Two months ago, I wrote about the imprisonment by the Air Force of 2nd Lt. Joann Newak. The young woman--25, intelligent, a graduate of Marywood College in Scranton, Pa.--was given six years at hard labor in Fort Leavenworth, Kan. She began her sentence in June.
Newak had been found guilty by an Air Force judge of marijuana, sodomy, amphetamine and conduct-unbecoming-an-officer charges. A few days ago, three Air Force appellate judges upheld the decision.
Something is ludicrously odd about this case, and I recall first sensing it during the appeals hearings in October. Newak was having her day in court by having another day in prison. Instead of being free while her case was under appeal, which is routine in civilian courts for offenses of far greater severity than Newak's, the lieutenant was locked away in Leavenworth. Should a reversal eventually come through, the Air Force presumably will give Newak a cheery "sorry about that."

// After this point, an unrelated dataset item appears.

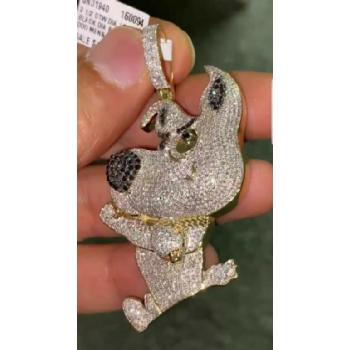 10k Gold Fighting Scrappy Natural Diamond Pendant Image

The oddity expanded to bizarreness when the disparity between the harshness of the sentence and the mildness of the so-called crimes was examined. I say so-called not to be arch, but because New York--the state in which Newak was stationed--does not prosecute, much less imprison, its citizens for minor marijuana involvement or for their sexual preferences.
Newak was a recreational user of pot who occasionally shared the substance among friends at her off-base apartment at Hancock Field, near Syracuse, during off-hours. Her crime of "sodomy" demands another so-called. Newak was involved in a personal relationship with an Air Force woman. Lesbianism is not a crime under the military code, so the Air Force, with a stab at unisex justice, nabbed her for sodomy.
The amphetamines, equally alarming to the Air Force, were discovered to be diet pills when tested in a lab. Newak's offense was to think the pills on her dresser were illegal.
As the Air Force carried Newak off into the wild blue yonder of military justice, it appeared at first that this was another example of martial excess. What cost overruns in Air Force bombers are to rational defense, sentences to six years at hard labor for nonviolent first offenses are to sensible justice. In the past four years, an Air Force dragnet has been spread wide to catch more people.
On the last day of 1978, there were 176 Air Force people in prison. By June 1982, with only a perceptible increase in the ranks, the prisoner roll reached 692.
An Air Force spokesman explained this surging increase of nearly 400 percent as "a change in administration and stricter approaches to discipline." He didn't mention that with more young people seeing the unemployment lines and turning in last resort to the armed services for jobs, the new harshness is a way of announcing to recruits that the military is toughening its standards.
Jailing decent and up-front young women like Joann Newak is a dubious way of toughening anything. The standard it leads to is a double standard, one that lays bare the extremes that the separation of military and civilian justice systems can lead to.
The argument of many in the military--at least those who think Newak got what was coming--is that the Uniform Code of Military Justice applies to everyone in the armed services--24 hours a day in all places--and that the Supreme Court recognizes the need for this separate legal system. In theory, fine. But where is the line between a separate law and law-unto-itself? Are constitutional rights meaningless upon putting on the uniform? If anything, with the military priding itself on being the first line of defense in defending the constitution, those rights ought to be more honored, not less. Instead, the extremes are being honored.
Those extremes didn't bother the three Air Force appellate judges who ruled that Newak's sledgehammer sentence was appropriate. In one opinion, Lt. Col. Edward Miller concludes by suggesting that not only are the civilian and military judicial standards justifiably different but also that the military's is, by far, superior: "Had the accused (Newak) been tried on these identical charges in a civilian court, which would probably have been unfamiliar with the laws and traditions developed by the military during its long history, it is likely the court would not have had full capacity to recognize the complete impact of damage to the national security resulting from such conduct on the part of a commissioned officer."
So that's it. A few puffs of pot in your living room, some no-no friendship with another woman, and before you can say Air Force Dense Pack, "national security" is dealt a first-strike hit.
Faith Seidenberg, the Syracuse lawyer who is defending Newak for no fee, is bringing the case to a higher military appeals court that has three civilian judges. The National Lawyers Guild, and other groups, have joined the appeal. A new test case, involving basic constitutional questions, is developing.
Meanwhile, when Joann Newak writes to me, and when I answer, the letters both ways are opened, read and stamped by her jailers. In the mind of the military, some correspondence between citizens is also a threat to national security.